Ele também atribui o crescimento das igrejas evangélicas como um dos motivos do encolhimento dessa típica festa católica.

A região do Vale do Paraíba, onde se localiza São Luiz do Paraitinga, sofre influência histórica da religiosidade em torno do Santuário de Aparecida – e todos os eventos do calendário católico e o sincretismo proporcionado.

“Apesar de tudo, a congada, o moçambique, a folia de reis e das pastorinhas, a fanfarra, continuam na origem da musicalidade da cidade”. Hoje, São Luiz tem 15 grupos de música em atividade.

Paranga

O repertório base desses grupos se origina do Paranga, banda musical local que o próprio Frade integrou.

“São Luiz sempre foi ligada à tradição, às festas religiosas. Elpídio dos Santos, o compositor que nasceu na pequena vila, foi responsável também pela construção dessa base”, relata André Magalhães, músico, arranjador e produtor musical de São Paulo responsável por vários registros fonográficos de grupos locais.

“O surgimento do Paranga levou essa tradição regional para o palco.
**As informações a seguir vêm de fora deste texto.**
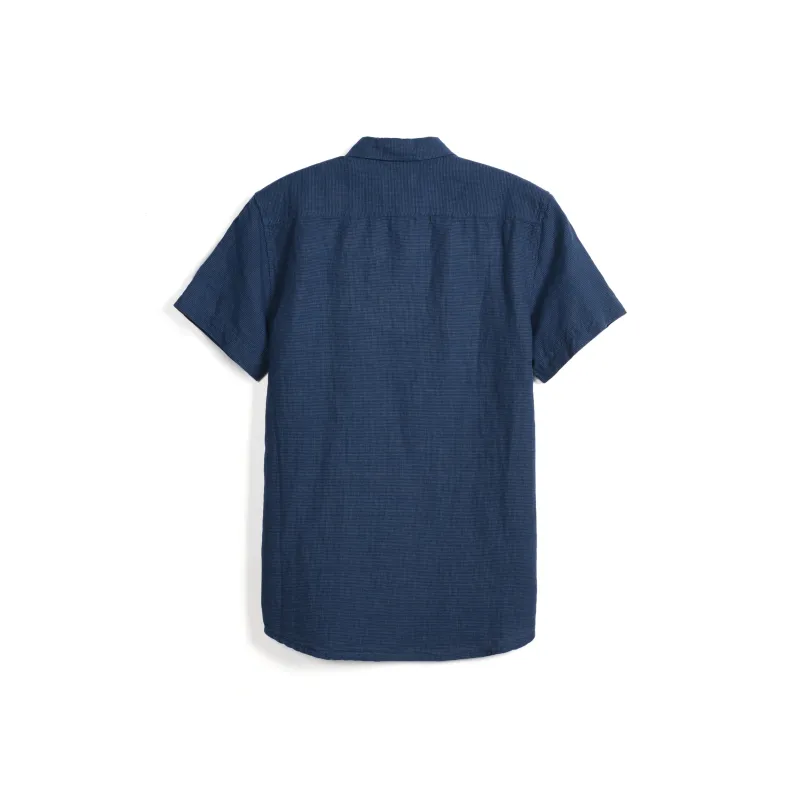 MCS Shirts Men Dark Blue K8-1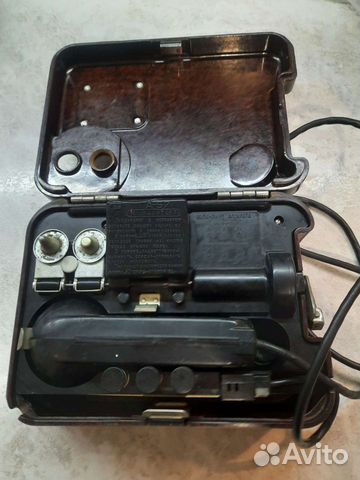 Военный полевой телефон та 57
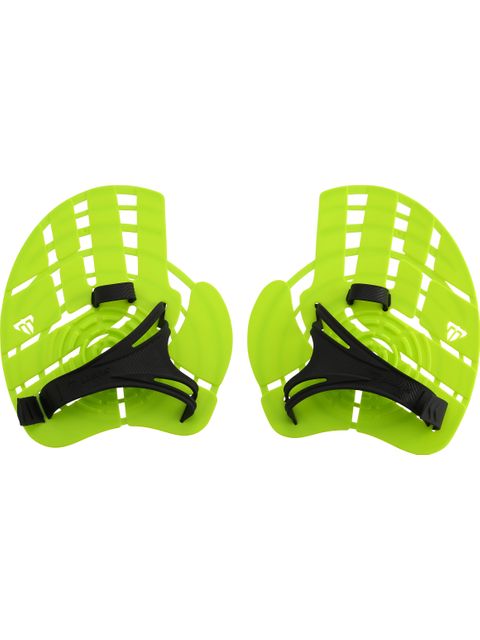 Michael Phelps Strength Hand Paddles - Neon & Black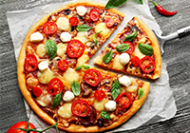 Pizza Obrázok pre Pizza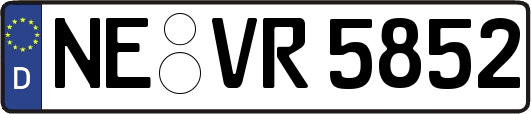 NE-VR5852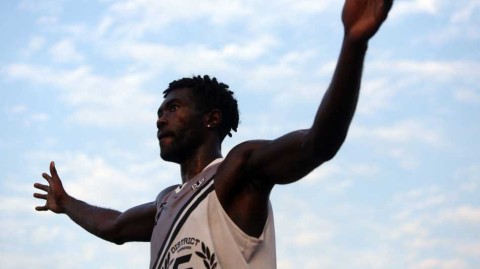 松湖造梦街头篮球盛宴激情上演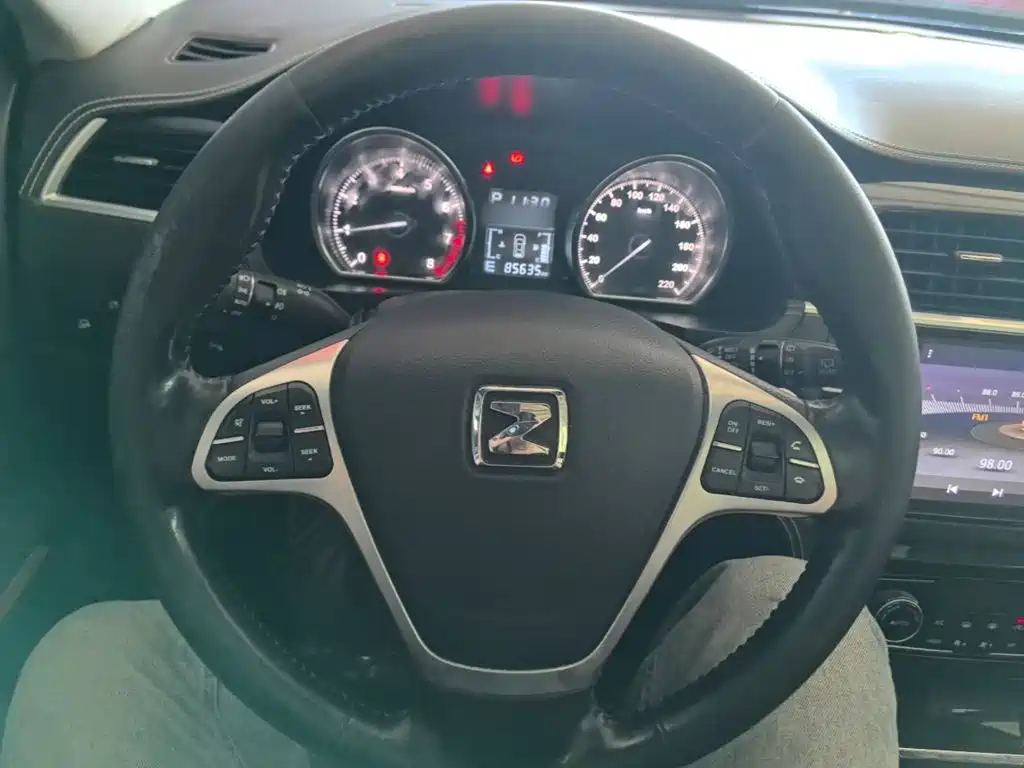 Zotye T600 2016 2016 2.0T DCT Premium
O grupo participou do Lira Paulistana (movimento cultural da capital paulista criado ainda na ditadura e palco de surgimento de vários artistas). Isso influenciou muito”.

Os festivais de marchinha e o junino (ainda realizados) foram dois projetos na cidade propulsores de vários talentos na vila, conta André.

Mas a situação especial foi a chegada da Semana da Canção (hoje não se realiza mais), onde muitos artistas locais se ascenderam por conta de intercâmbio com músicos de fora que para lá foram.

“Hoje, já tem reflexo na geração nova. A cidade tem muitos artistas. É uma cidade criativa”, avalia.

São Luiz do Paratinga é um microcosmo cultural, onde o dia-a-dia reúne a persistência da criação com a necessidade de dialogar com a tradição local, motivo de o Carnaval ser autêntico e procurado.